New Jersey and Camden officials plan this week to announce a
development proposal that would bring $1.2 billion - most of it
private money - into the city's Cramer Hill neighborhood in what
is believed to be the largest single investment in Camden's
history.
The decade-long project would also bring 4,000 to 5,000 units
of housing, retail, open space and a new bridge from Admiral
Wilson Boulevard into the neighborhood, which borders Pennsauken
on the Delaware River.
In addition, the abandoned 90-acre Harrison municipal
landfill would be converted into an 18-hole golf course,
alongside homes selling for up to $200,000 built along the
waterfront.
The plan - including brownfields cleanup, demolition and
development - would be headed by Cherokee Investment Partners, a
Raleigh, N.C.-based brownfields development firm that has
reclaimed hundreds of acres of contaminated industrial land
nationwide since it was founded in 1990, officials said.
"It's the biggest project in the history of this city or
any other city as far as I'm concerned," Mayor Gwendolyn
Faison said.
She said the project had been approved by the city
redevelopment agency. Of Cherokee, she said, "They're
serious. They're ready to spend money."
"This is the single most significant investment the city
has ever had in all of its 175 years," said a senior Camden
City official, who did not want to be identified.
"Essentially, the plan creates an entirely new community
out of Cramer Hill."
Bret Batchelder, a Cherokee managing director, said late
Friday night that he did not know whether the company had been
officially selected but called the proposal "a significant
real-estate project that would have a transforming effect on
Camden."
Camden's chief operating officer, Melvin R. "Randy"
Primas, confirmed that a major announcement was imminent but
declined to provide details.
Gov.

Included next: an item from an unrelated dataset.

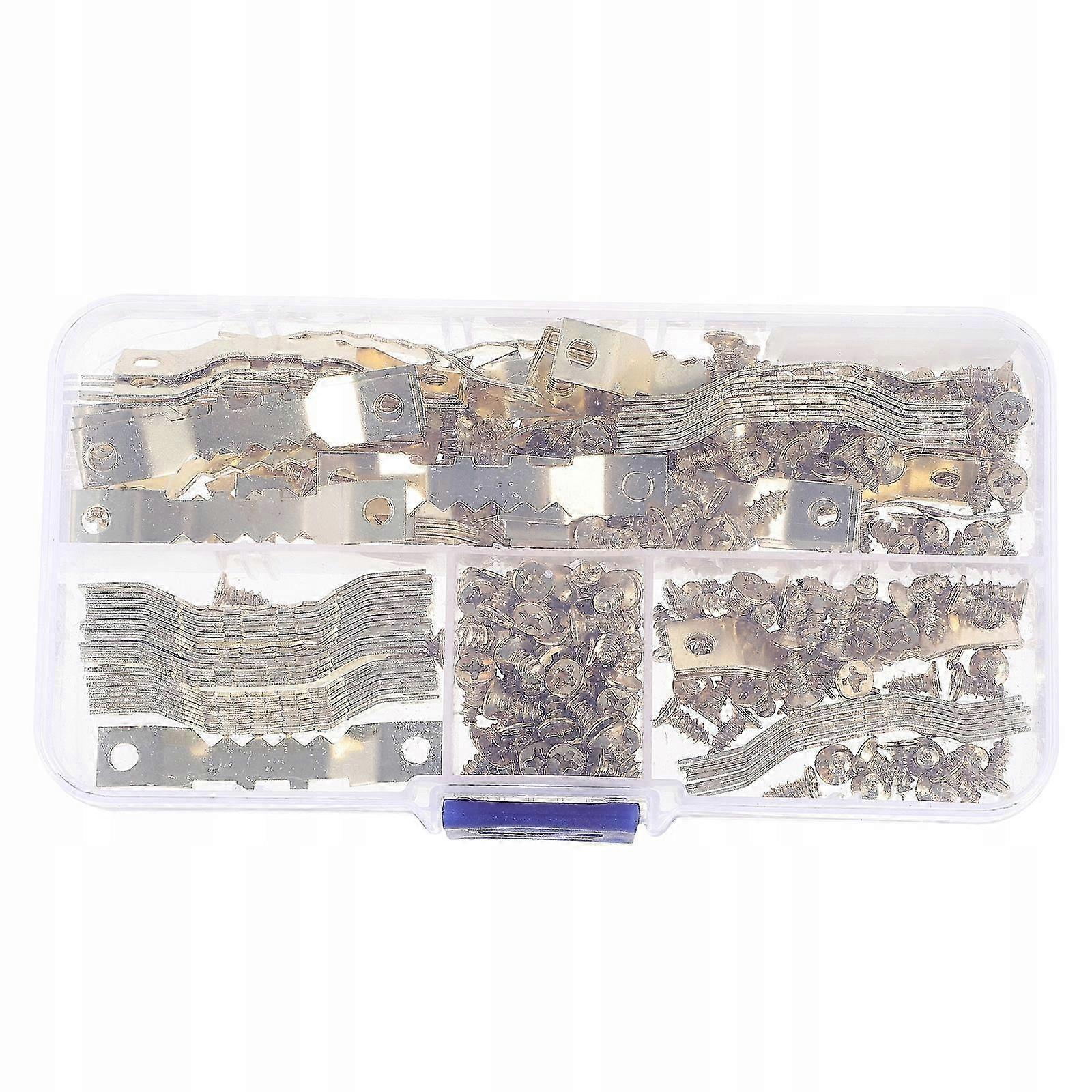 Picture Hook Nails Hanging Wire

McGreevey is expected at the news conference this week,
officials said.
Hundreds of people would be displaced in the plan, said City
Council President Angel Fuentes, who vowed to closely supervise
any relocation. He said officials would seek public input before
anything is built.
"The fear is gentrification like the Camden
waterfront," he said.
Also unclear is the fate of the state-funded $30 million
renovation plan for the Washington School, which is in the path
of the project.
The project comes on the heels of a flood of public
investment into Camden, a former industrial powerhouse that has
become one of the nation's poorest cities.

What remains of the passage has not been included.